March 2018

The Medicine

by Karen Hitchcock

What the hell was I afraid of?

Dissecting the complex power structures we all inhabit

Fear, they say, has an object, whereas anxiety floats more freely, attaching to nothing in particular, or to everything. The two roles that have stirred in me the most fear and anxiety are that of doctor and that of mother. The latter is made worse, no doubt, by being a mother who is a doctor: being constantly confronted with real-life examples of the terrible things that actually can happen. I was unable to watch my twin daughters on playground swings when they were toddlers as it made me sick with fear. I’d get their father to supervise, then crouch somewhere and wait. I heard of an emergency physician who made his kids wear crash helmets in the playground. But that wouldn’t protect their tiny necks, would it? And now, what’s a swing compared with the mangling car crash that is female adolescence in this world? Those headlines, the abuse, glass ceilings, primping, plastics and porn. How to protect them and still let them play? How to arm them, internally?

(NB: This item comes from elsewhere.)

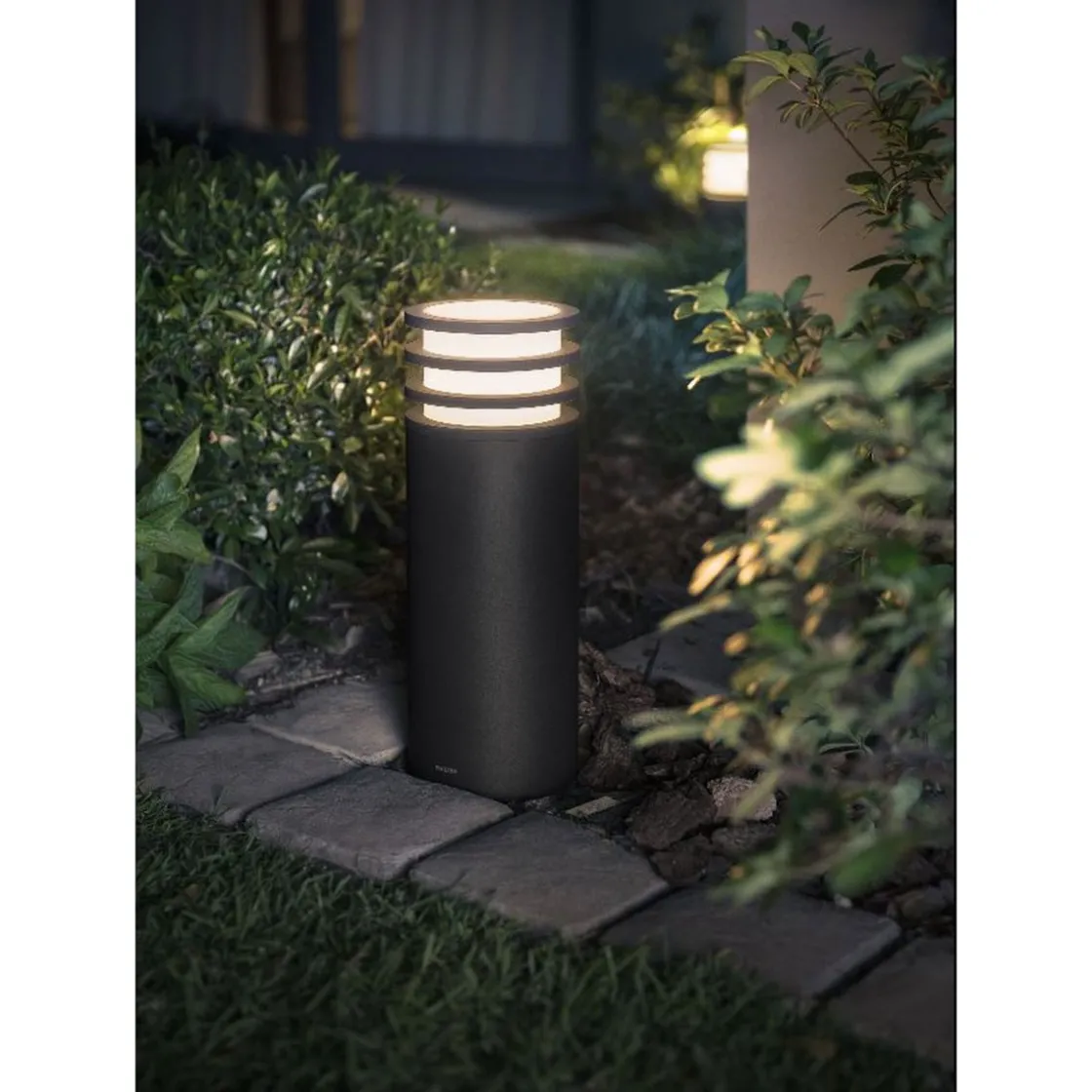 LED-Wegeleuchte Lucca anthrazit ^ Philips Hue Hot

On a plane a few months ago, the guy-in-a-suit next to me splayed his Australian newspaper wide open such that half the paper (and his fist) curtained the front of my face, while the bottom edge of the paper stroked my thigh. I turned and stared at him. But he just kept on importantly reading his important newspaper, in his space and mine. I cleared my throat. I wriggled. Coined unspoken protests. I could have politely said, “Excuse me?” I could have gently nudged the fist-paper-package over to his side of the plane. I didn’t. I assumed his manoeuvre was purposeful – him staking a claim – and it made me feel small and later enraged, at him and at myself. It was a trivial event, but I thought a lot about my reaction. What the hell was I afraid of? An imaginary patriarchy?

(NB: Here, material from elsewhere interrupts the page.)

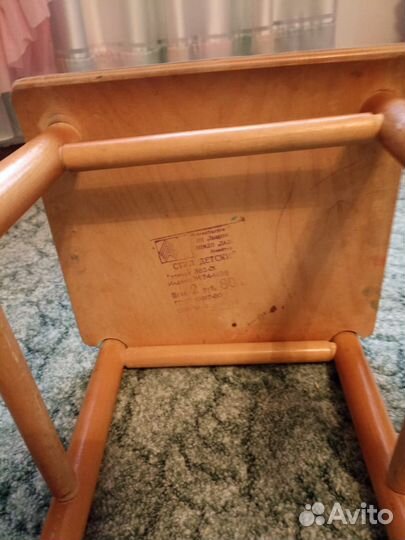 Детский деревянный стульчик, СССР и пластиковый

I’ve been punched in the face, called a filthy slut, a cunt, a moll, a dog. I’ve been groped and cat-called and propositioned. I’ve had a guy scream that I should watch him “cum all over the floor” as he aimed his stream of piss at me. All the perpetrators were patients under my care, out of their minds with delirium, dementia or psychosis; drug-addled, tumour-riddled or dying. I took no offence. I was not harmed (the puncher was an 85-year-old, very frail woman). I have only rarely feared for my physical safety at work. In clinical situations, the kinds of abuse that are sound-minded, premeditated and purposeful are usually perpetrated by doctors (a minority of doctors) against their patients or against their staff. Which is unsurprising, given it’s the doctors who are generally in the position of power.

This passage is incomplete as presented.